Se considerarmos a imprensa como uma síntese aguçada dos movimentos da opinião pública, não só por refletir essas correntes senão, fundamentalmente, pelo seu caráter formador, poderíamos terminar o ano de 1996 com algumas boas lições.
Em primeiro lugar, a constatação, um pouco intuitiva, de que nunca como neste ano dedicou-se tanto espaço à questão educacional do país.
Foram milhares de matérias dedicadas a divulgar, analisar ou discutir uma diversidade de temas: as demandas e articulações do empresariado com o ensino básico ou com a educação profissional; o nível de escolarização de nossa mão-de-obra diante dos desafios do Mercosul; as mudanças educacionais necessárias no contexto da globalização da economia; os diversos planos e projetos educacionais do governo central ou de autoridades estaduais e municipais; e assim por diante. Mas, em função da persistência e da densidade da cobertura, três foram os assuntos de maior destaque.

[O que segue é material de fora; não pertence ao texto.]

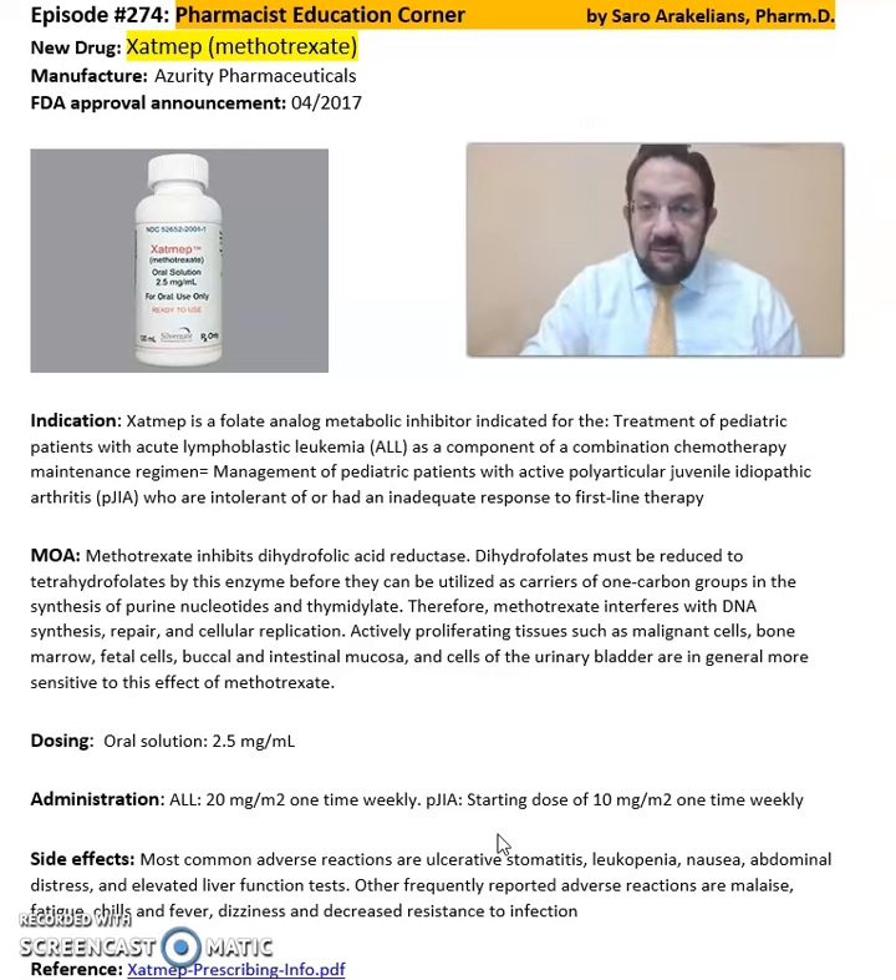Some of the common side effects seen from Zatmib include dizziness, chills, fever, and fatigue.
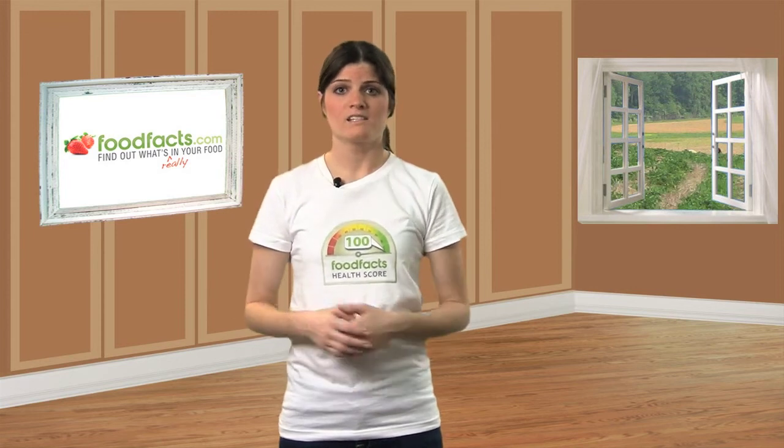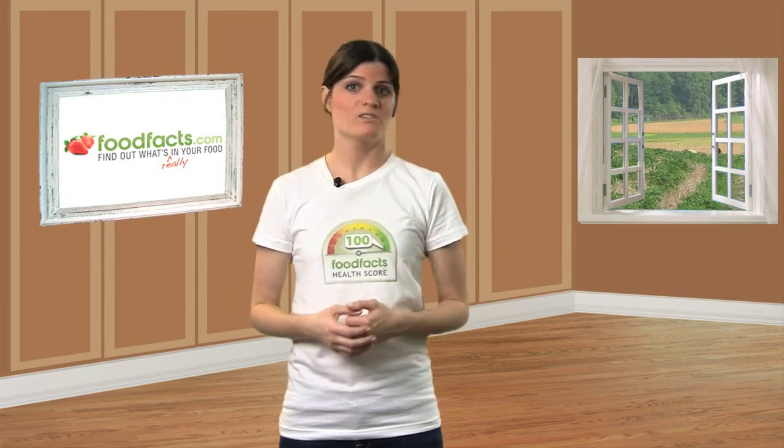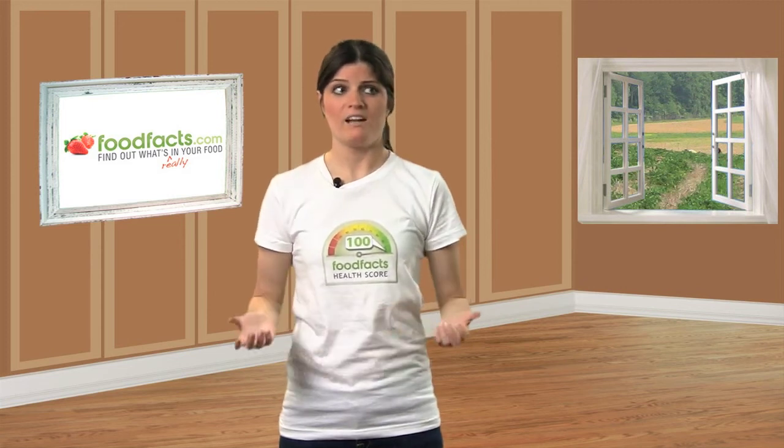And guess what? Some American companies actually make products for the UK using natural colors, but they use the artificial colors here in America because it's cheaper. I don't think that's fair.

Em primeiro lugar, as discussões e polêmicas em torno do Exame Nacional de Cursos, o chamado provão, desde sua formulação até sua aplicação, em novembro deste ano.
Em segundo, a veiculação das intenções e da tramitação do Fundo de Manutenção e Desenvolvimento do Ensino Fundamental e de Valorização do Magistério -o "fundão"- como estratégia nacional de melhoria da qualidade do ensino e das condições de trabalho do professor.
Em terceiro, a divulgação dos resultados parciais e finais do ciclo de 1995 do Sistema Nacional de Avaliação da Educação Básica (Saeb), retratando os avanços e problemas do ensino fundamental e médio do país.
Que indica essa maciça cobertura? Primeiramente, que nunca como nos dias de hoje a questão educacional esteve no centro das preocupações e da agenda política dos diversos setores do país.
Junto com essa nova centralidade, é possível observar também uma importante mudança de foco. Até bem pouco tempo atrás, notícia educacional, vista pelo lado do interesse público, centrava-se no ensino superior, como gerenciador das competências científicas e tecnológicas do país e, particularmente, nos rituais que permitiam acesso a ele: o vestibular.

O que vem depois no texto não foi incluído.